Mahasiswa yang sebelumnya dipandang sebagai penjaga nurani bangsa mulai dianggap rentan dimanfaatkan oleh kepentingan politik praktis. Gerakan yang semestinya menjadi suara rakyat sering dicurigai sebagai perpanjangan tangan kelompok tertentu.
Padahal dalam sejarah Indonesia, mahasiswa memiliki jasa besar. Tahun 1966, mahasiswa menjadi bagian dari perubahan politik nasional. Tahun 1998, mahasiswa menjadi motor reformasi yang mengakhiri rezim Orde Baru.
Namun sejarah juga mengajarkan bahwa gerakan mahasiswa akan kehilangan legitimasi ketika terlalu dekat dengan pusat kekuasaan atau terlalu mudah digunakan sebagai alat dalam pertarungan elite.
Hari ini, dua puluh lima tahun setelah peristiwa tersebut, sebagian masyarakat merasa melihat pola yang mirip kembali muncul. Gerakan-gerakan mahasiswa yang seharusnya berangkat dari kajian akademik dan kepentingan rakyat sering kali dipersepsikan memiliki agenda yang tidak sepenuhnya jernih. Aksi demonstrasi kadang terlihat lebih ramai daripada substansinya.
Narasi yang dibangun sering lebih politis daripada intelektual. Akibatnya, publik semakin sulit membedakan mana gerakan moral dan mana gerakan yang sedang menegosiasikan kepentingan.
Bisa dilihat hari ini ketika ada gerakan kontra besoknya pasti ada gerakan yang pro. Mereka seolah memberi kabar bahwa dibelakang itu semua para dalang sedang ngopi bersama antara pro dan kontra.
Tentu tidak adil jika semua aktivis mahasiswa hari ini digeneralisasi demikian. Banyak organisasi mahasiswa yang tetap konsisten memperjuangkan kepentingan rakyat, mengawal kebijakan publik, serta menjaga independensi kampus.
Namun mereka juga harus menyadari bahwa beban sejarah itu nyata. Kepercayaan publik tidak bisa diperoleh hanya dengan menggelar aksi, tetapi harus dibangun melalui integritas, konsistensi, dan keberanian menjaga jarak dari kepentingan kekuasaan.
Pelajaran terbesar dari peristiwa 2001 bukanlah soal siapa yang menang atau kalah dalam perebutan kekuasaan. Pelajaran terbesarnya adalah bahwa gerakan mahasiswa harus selalu menjaga dirinya agar tidak menjadi alat politik sesaat.
Sebab ketika gerakan kehilangan independensinya, yang rusak bukan hanya reputasi organisasi mahasiswa, melainkan juga harapan rakyat terhadap lahirnya kekuatan moral yang mampu mengoreksi arah bangsa.

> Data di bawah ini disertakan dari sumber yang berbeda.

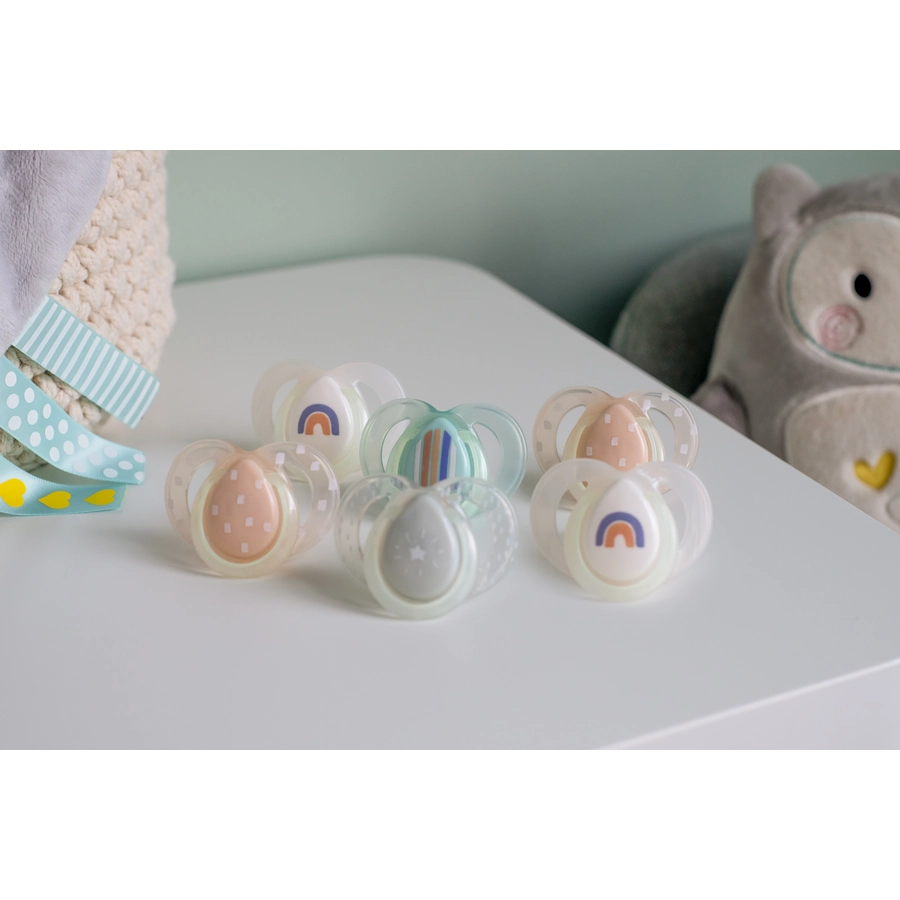 Tommee Tippee Schnuller Night für Mädchen 6 - 18 Monate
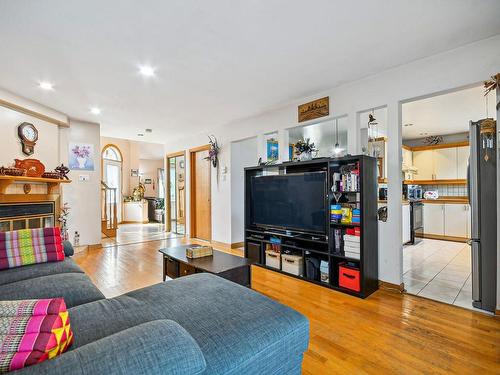 Salon - 1701 36E Avenue, Montréal (Rivière-Des-Prairies/Pointe-Aux-Trembles), QC - Indoor Photo Showing Living Room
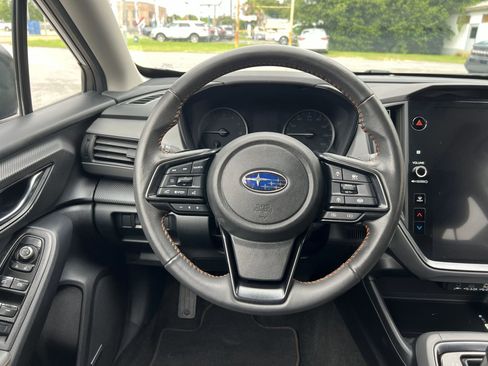 Used 2024 Subaru Crosstrek 2.5i Limited AWD/4WD image 26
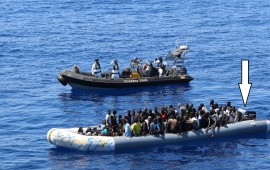 Un barcone di migranti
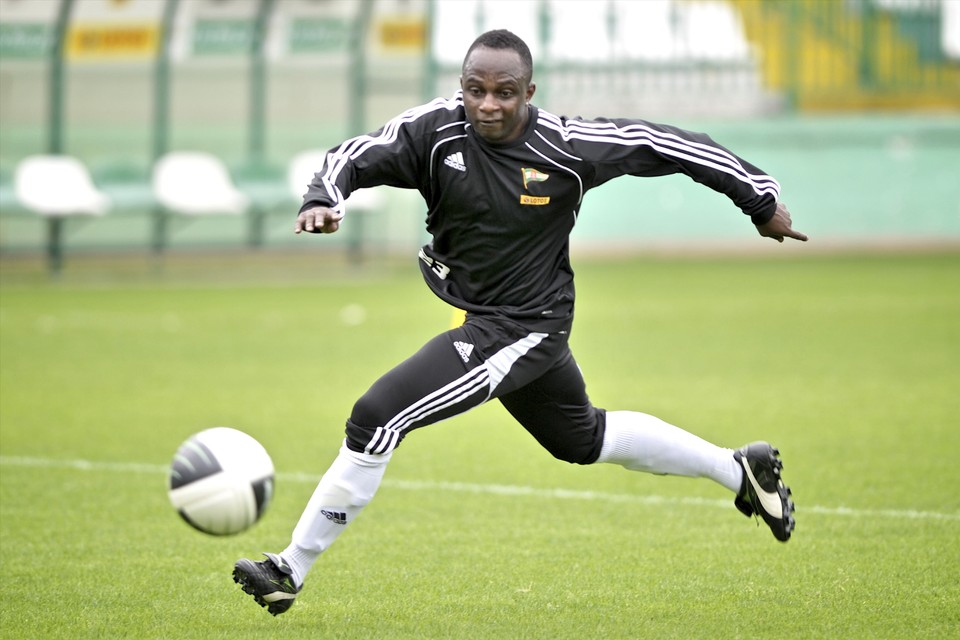 Olisadebe trenuje z Lechią - Piłka nożna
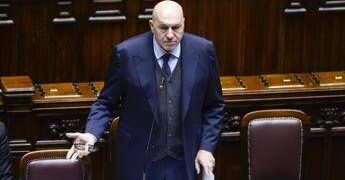 Ucraina, Crosetto su proroga aiuti a Kiev: “Qualcuno se ne vergogna, io ne sono fiero”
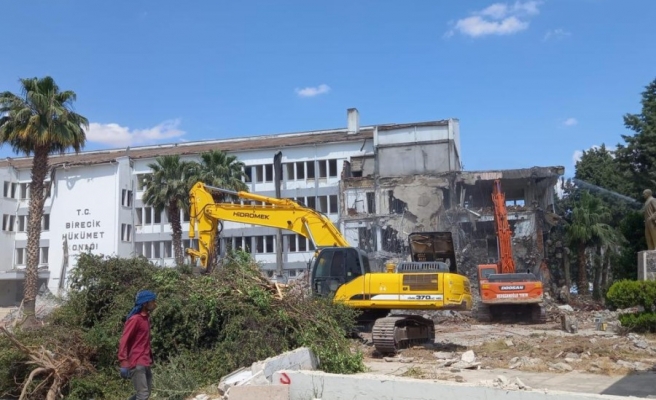 Birecik Hükümet Konağı’nın yıkımına başlandı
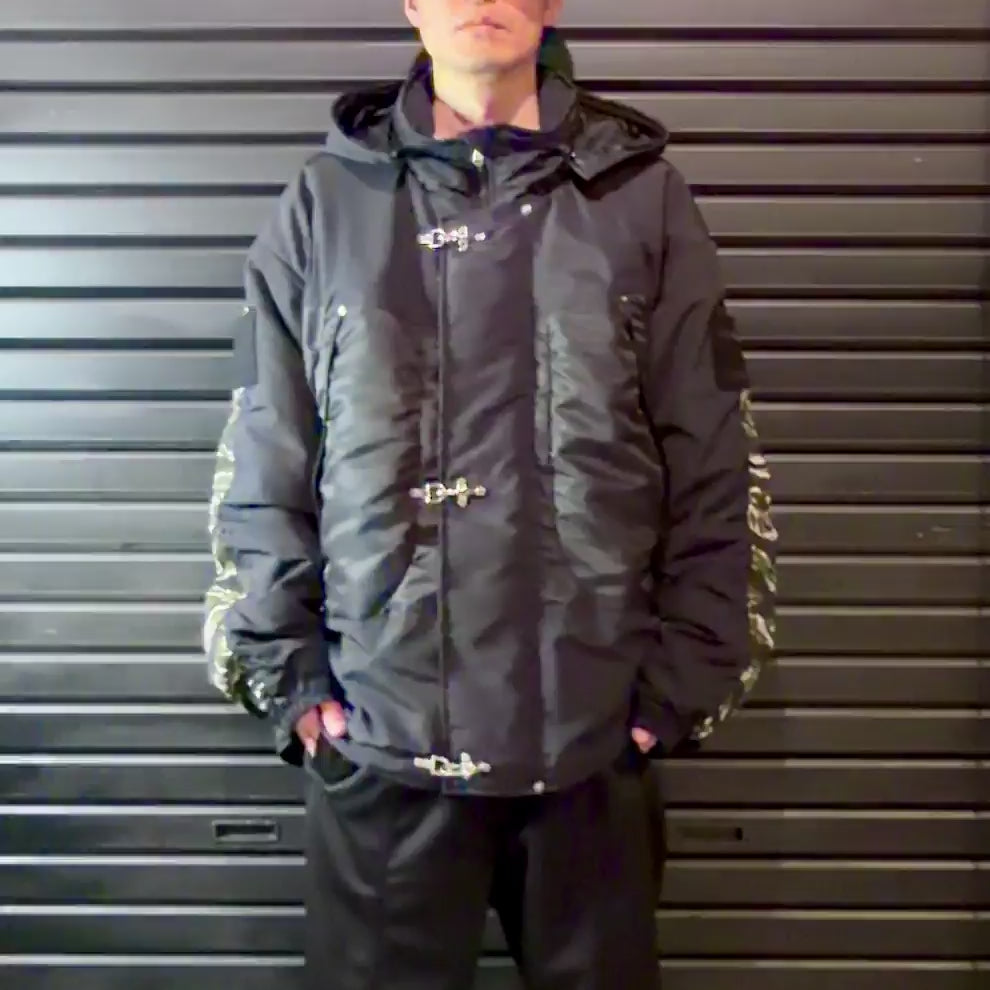 roarguns × WILD THINGS SHORT MONSTER PARKA (CHAIN STITCH) / BLACK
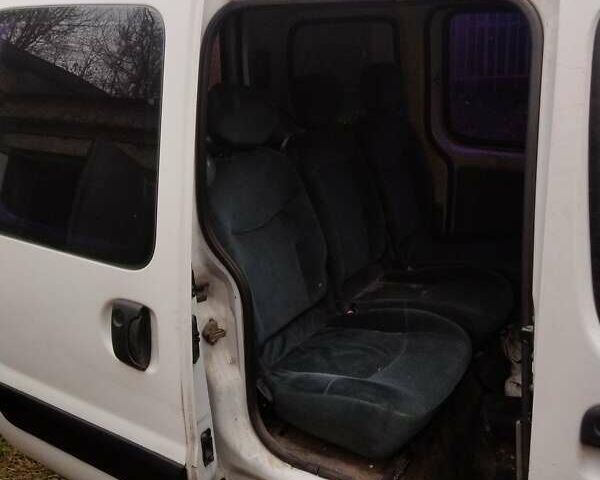 Белый Ниссан Кубистар, объемом двигателя 1.46 л и пробегом 400 тыс. км за 3000 $, фото 7 на Automoto.ua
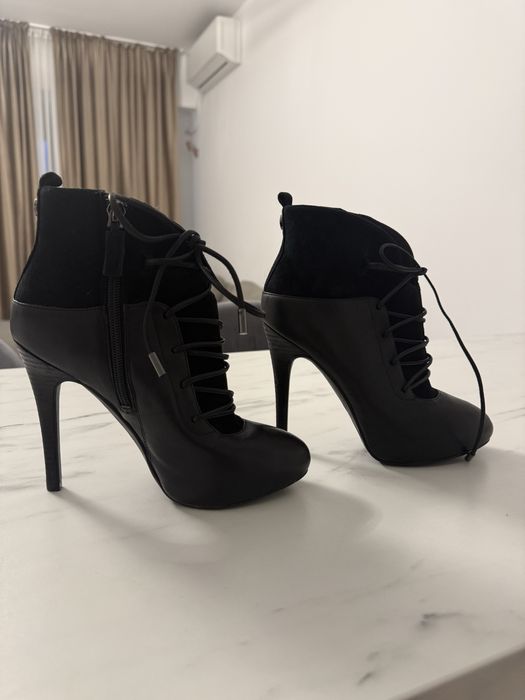 Pantofi Guess marimea 36 purtati o data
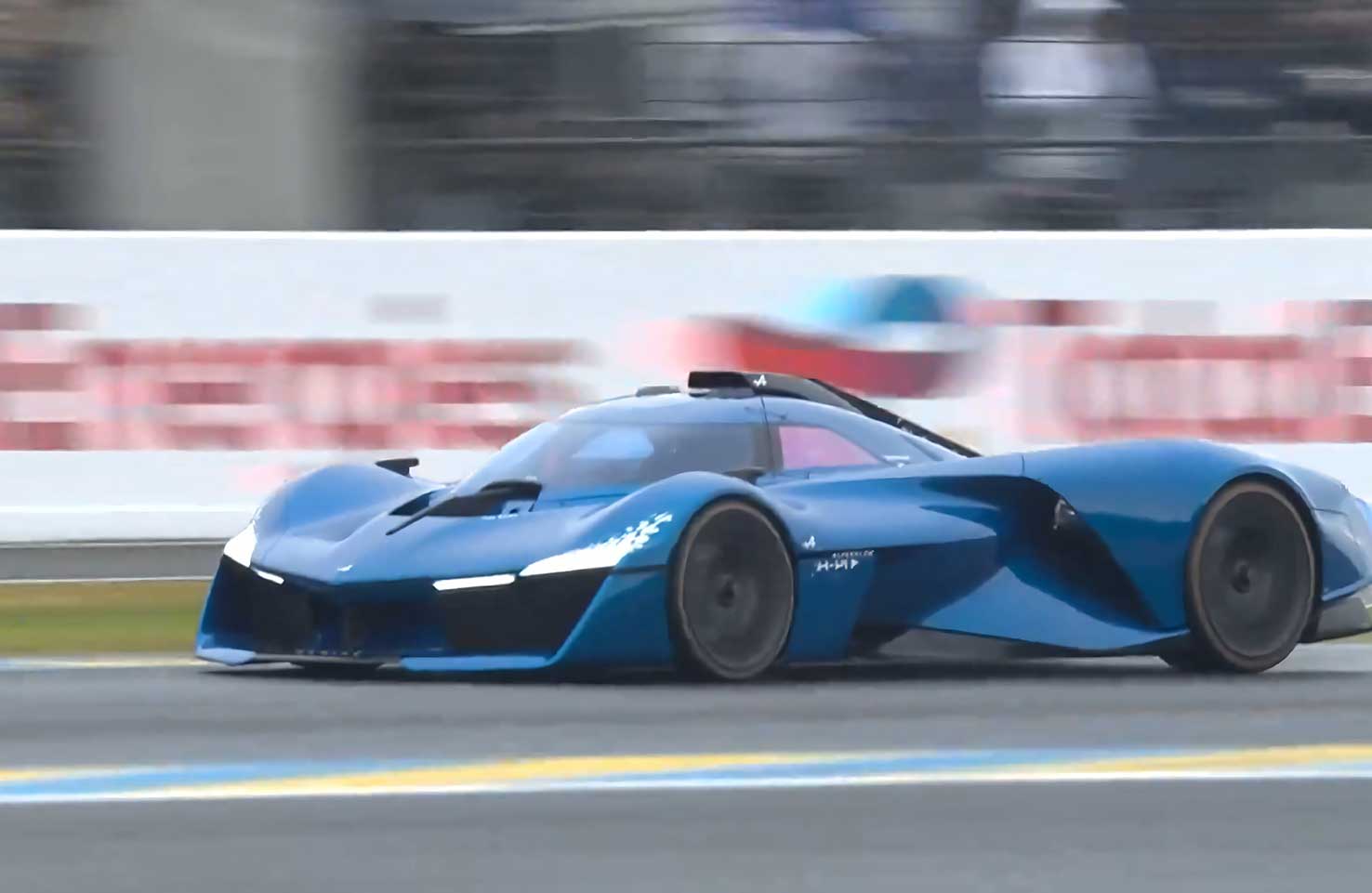 La voiture à moteur hydrogène d'Alpine fait le show aux 24 Heures du Mans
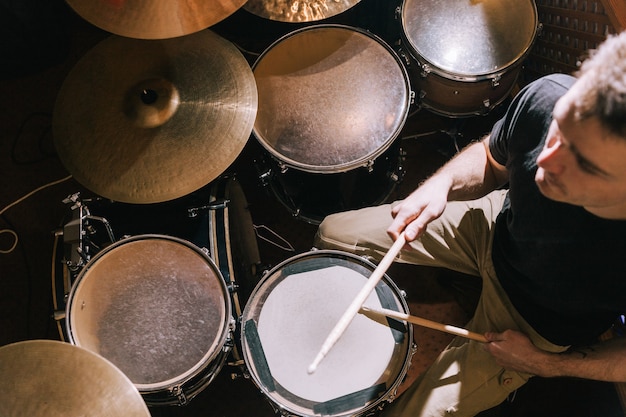 El baterista tocando en la vista superior del conjunto de batería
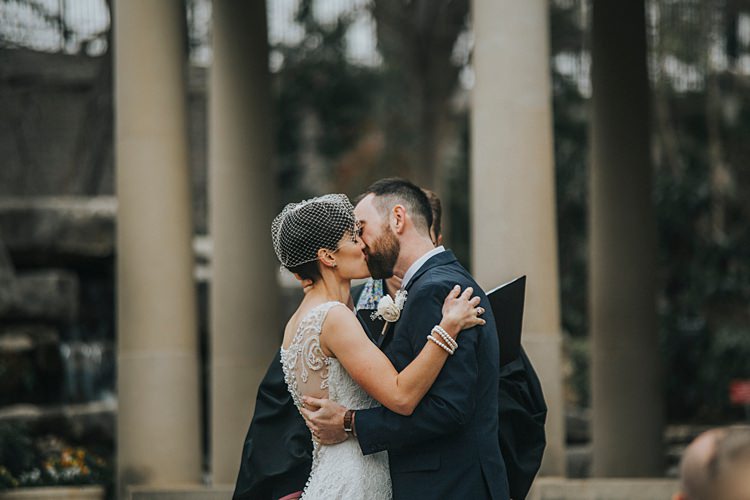Modern Spring Botanic Garden Wedding Texas http://velvetsagephotography.com/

Sejarah memang tidak selalu berulang persis sama. Namun sejarah sering memberikan tanda-tanda yang serupa. Karena itu, generasi mahasiswa hari ini perlu bertanya kepada dirinya sendiri: apakah mereka sedang membangun tradisi intelektual yang kritis dan independen, atau justru sedang berjalan menuju jebakan yang pernah membuat gerakan mahasiswa kehilangan kepercayaan publik?
Jika pertanyaan itu tidak dijawab dengan jujur, maka trauma masyarakat terhadap gerakan mahasiswa akan terus hidup. Dan ketika rakyat tidak lagi percaya kepada gerakan moral kampus, maka yang hilang bukan hanya legitimasi mahasiswa, tetapi juga salah satu pilar penting demokrasi Indonesia.
Wallahua'lam.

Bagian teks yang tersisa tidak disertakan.